GIVEN MATERIAL:
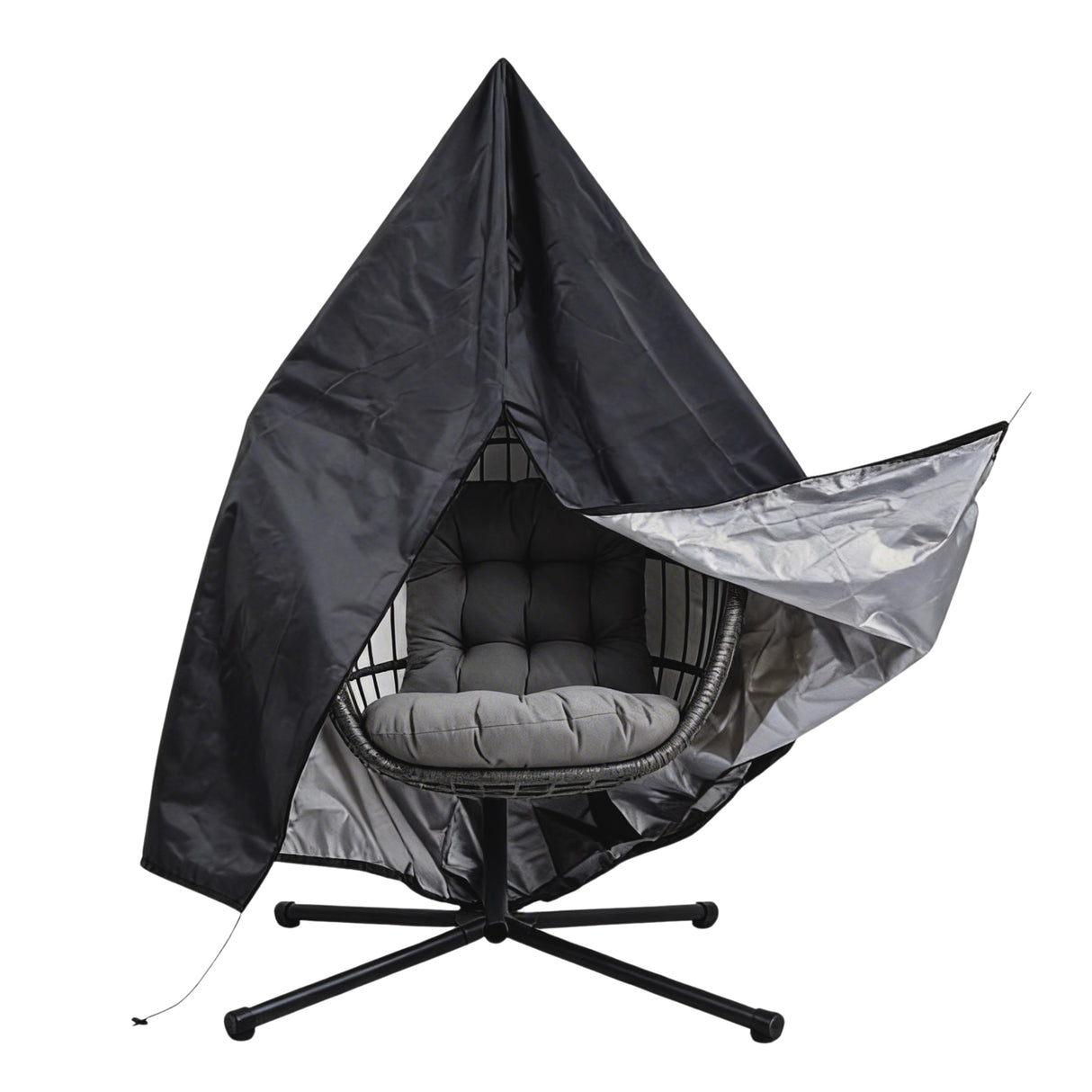 Black rattan hanging egg chair with a plush gray cushion, featuring a sleek, modern design and a sturdy metal base for stability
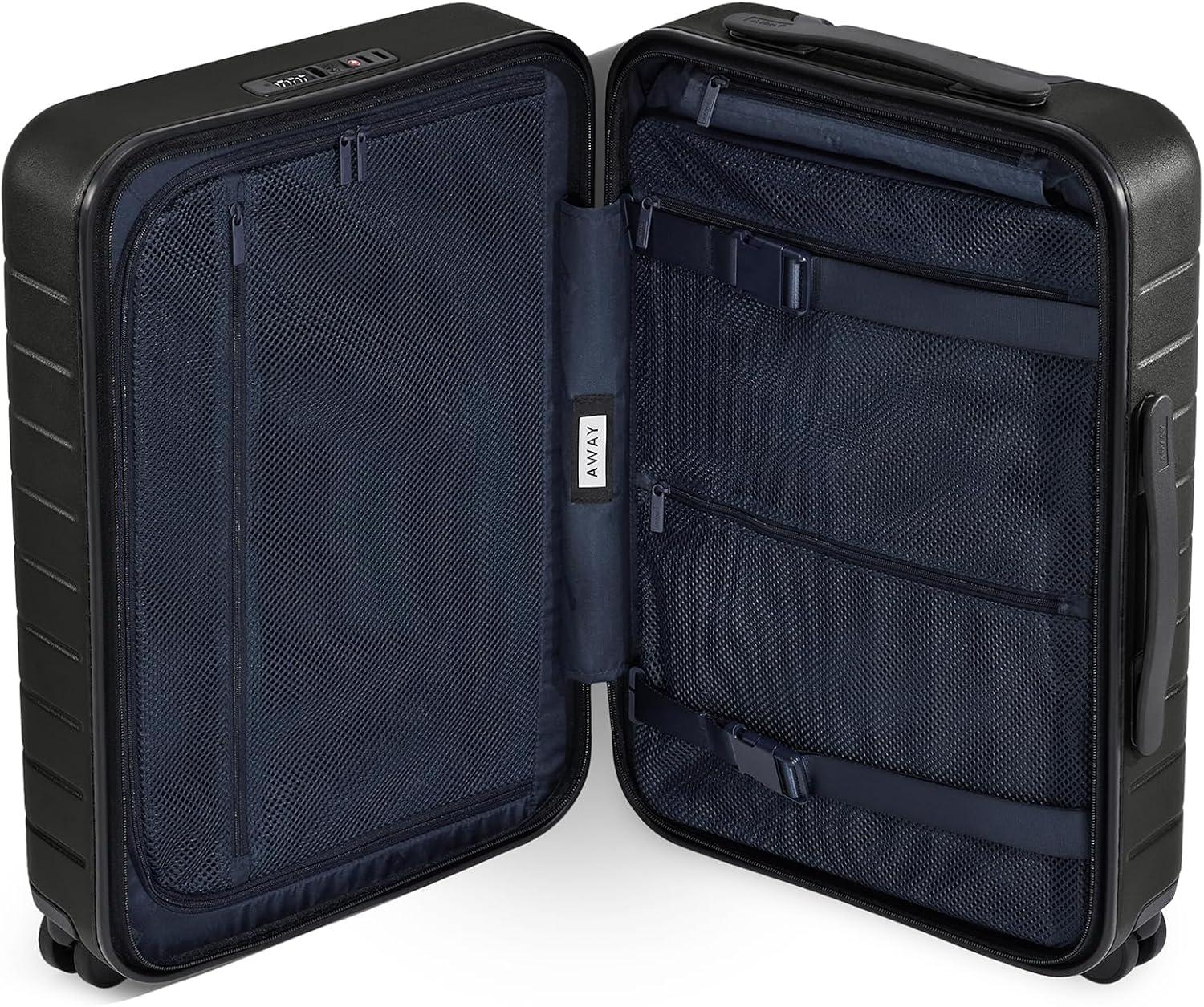 imageAway CarryOn Luggage Lightweight Hardside Suitcase with Spinner Wheels 22 Inch Airline Approved TSA Lock Salt WhiteJet Black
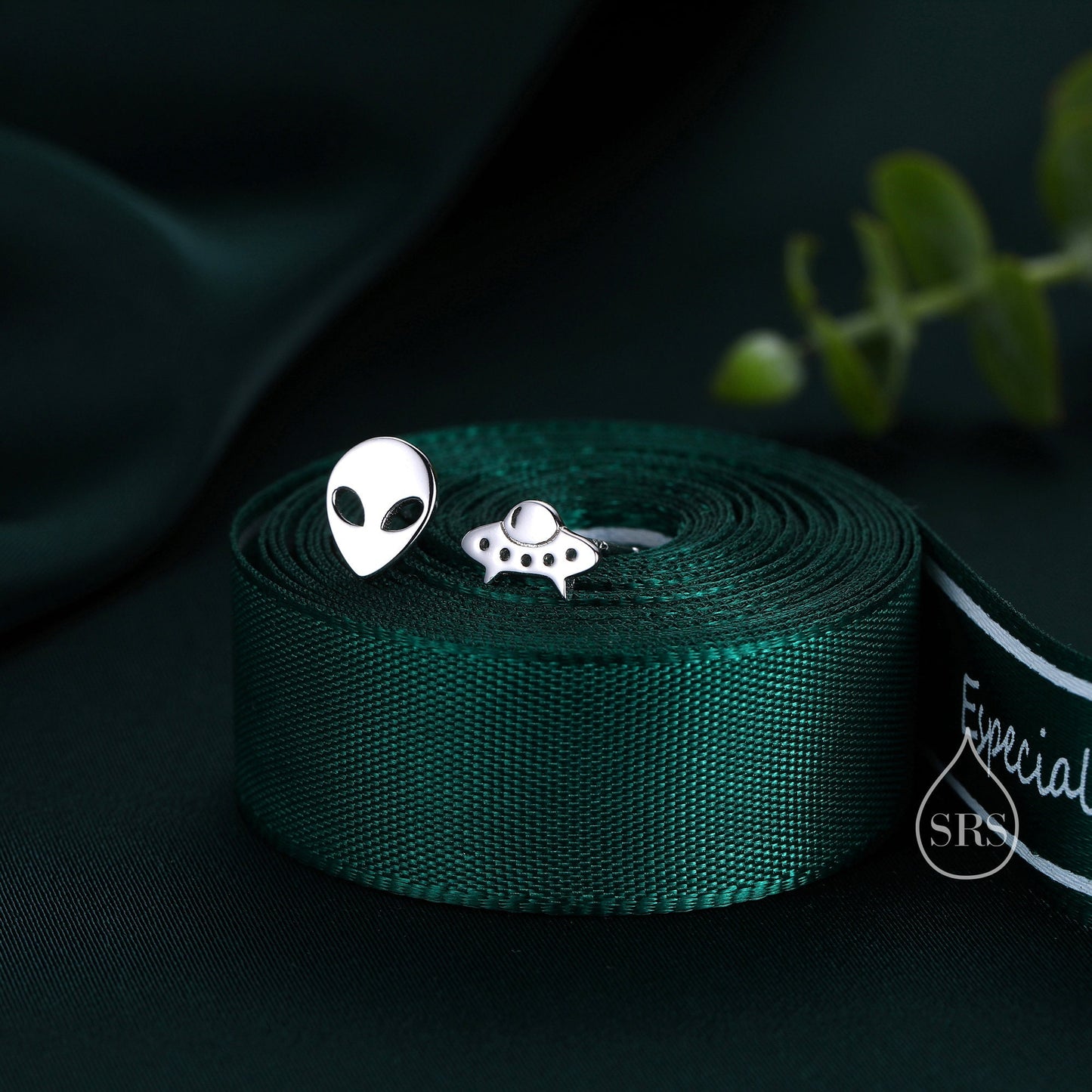 Alien and UFO Mismatched Stud Earrings in Sterling Silver, Silver or Gold, UFO Earrings, Fun and Quirky Jewellery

WHAT YOU ARE ASKED TO DO: When you write out the material, reproduce each line exactly and omit any picture it holds.

EXERCISE SOLUTION:
 Black rattan hanging egg chair with a plush gray cushion, featuring a sleek, modern design and a sturdy metal base for stability
 imageAway CarryOn Luggage Lightweight Hardside Suitcase with Spinner Wheels 22 Inch Airline Approved TSA Lock Salt WhiteJet Black
 Alien and UFO Mismatched Stud Earrings in Sterling Silver, Silver or Gold, UFO Earrings, Fun and Quirky Jewellery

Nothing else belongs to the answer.